Dans le quartier chic et un peu austère de Solbosch, au sud-est de Bruxelles, où les villas cossues et discrètes se tiennent comme de gros chats assoupis le long des avenues désertes, une seule enseigne au tube néon fluorescent perce la brume. « Art is the answer », assure le message au fronton de la Villa Empain. L’art est la réponse, mais à quoi ? Au chagrin du crachin bruxellois...
A Bruxelles, la Villa Empain est un repaire dans le petit monde de l’art contemporain. Y sont organisés des conférences, des visites scolaires, des concerts. Des soirées avec DJ accueillent un public a priori peu habitué à ce quartier d’ambassades. Les étudiants de l’école d’art voisine, La Cambre, y passent parfois une tête. Les moins de 25 ans constituent un quart des entrées. Les Flamands, grands consommateurs d’art contemporain, représentent un visiteur sur trois – bien plus que dans les autres institutions francophones. Ce n’est pas la moindre fierté de ce lieu dédié au dialogue Orient-Occident que de contribuer un peu à réduire les préjugés communautaires en Belgique.

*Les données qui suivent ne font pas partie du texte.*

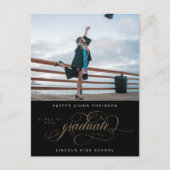 Bloeiende Elegantie Foto Afstuderen Aankondiging Briefkaart (Voorkant)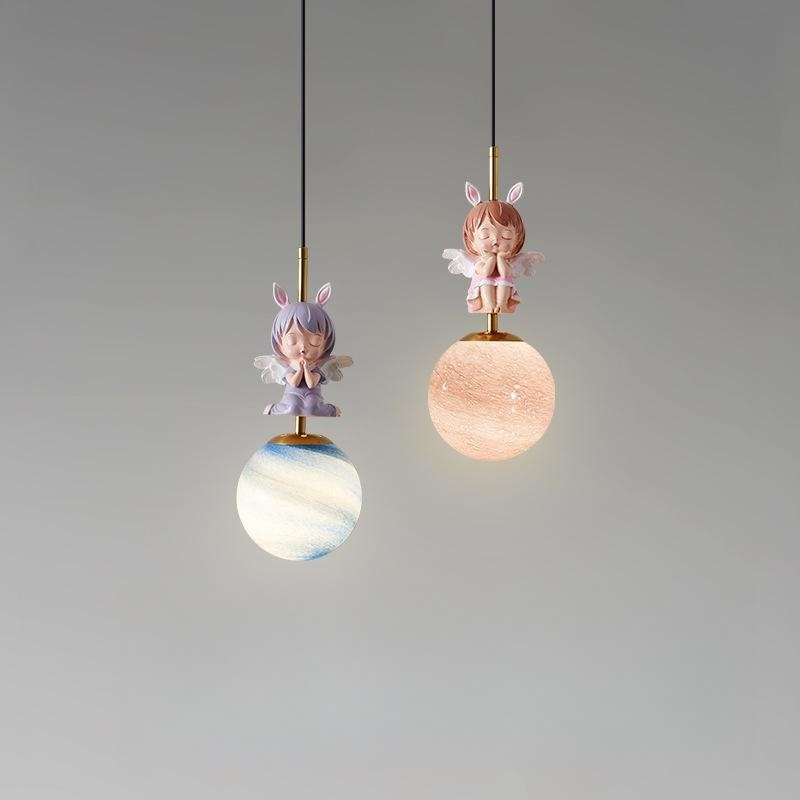 Modern simple boys girls princess room chandelier children bedroom pink blue resin pendant light carousel led ceiling lamp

La Villa Empain est aujourd’hui le siège de la Fondation Boghossian, une institution caritative et artistique créée et dirigée par deux frères libanais d’origine arménienne, Jean et Albert Boghossian, fils d’une famille qui a fait fortune dans le diamant. Alors, par où commencer : l’histoire des Boghossian ou celle des Empain, le génocide arménien, la tragédie libanaise ou l’histoire belge ?

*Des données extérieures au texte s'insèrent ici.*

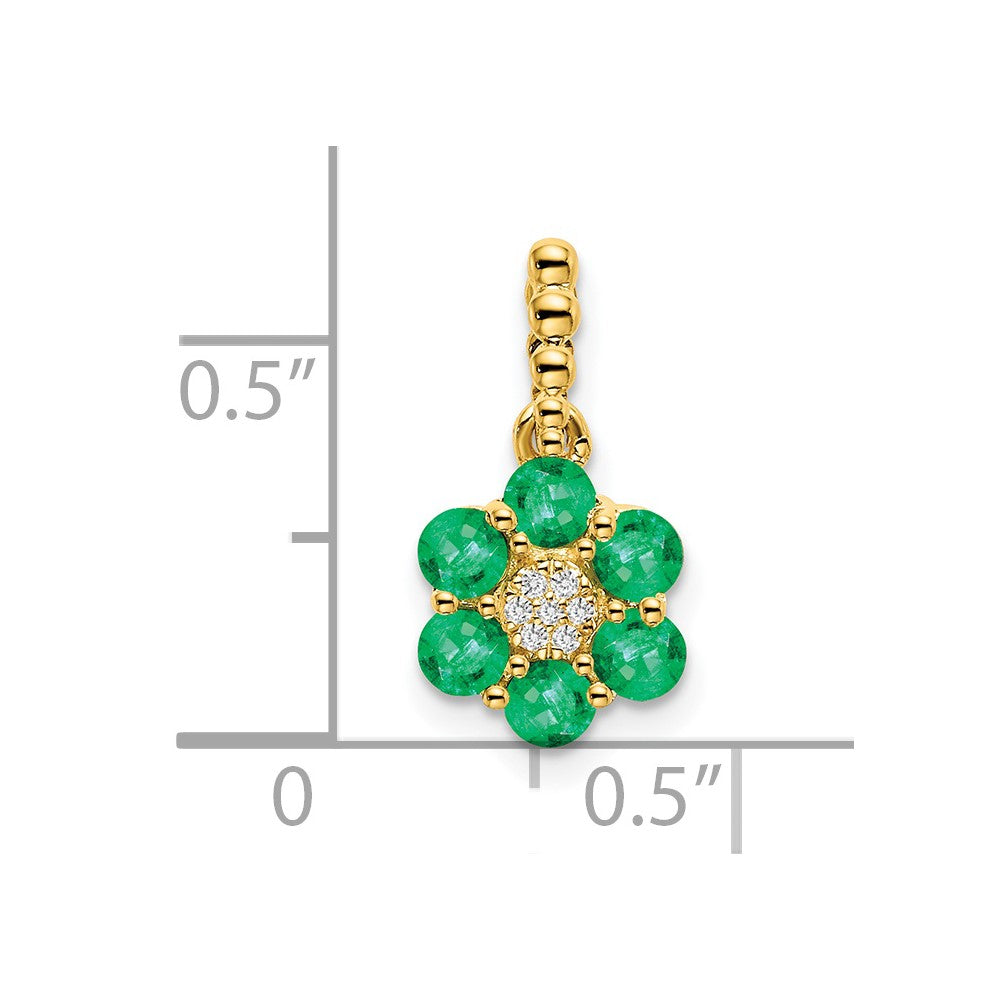 14K Yellow Gold Emerald and Real Diamond Floral Pendant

Débutons en 1915 : la famille Boghossian, qui vit et travaille déjà dans la joaillerie à Mardin, dans le sud-est de l’actuelle Turquie, est décimée comme des centaines de milliers d’Arméniens et d’autres chrétiens, accusés de traîtrise par les autorités ottomanes en pleine première guerre mondiale. Tous les membres de la famille Boghossian disparaissent, sauf un, Ohannes, 15 ans, qui réussit à échapper aux « marches de la mort » en soudoyant un garde avec une pièce d’or. A Alep, dans la Syrie sous mandat français, il trouve un refuge, relance la tradition familiale et fonde une famille. Parmi ses neuf enfants, Robert choisit lui aussi la joaillerie. Mais, à partir de 1961, les nationalisations et le tournant socialiste pris par le régime syrien poussent les Boghossian vers Beyrouth. Le Liban des années 1960 est un éden qui s’ignore, parfait mélange de l’Orient et de l’Occident. Les Arméniens y sont comme des poissons dans l’eau.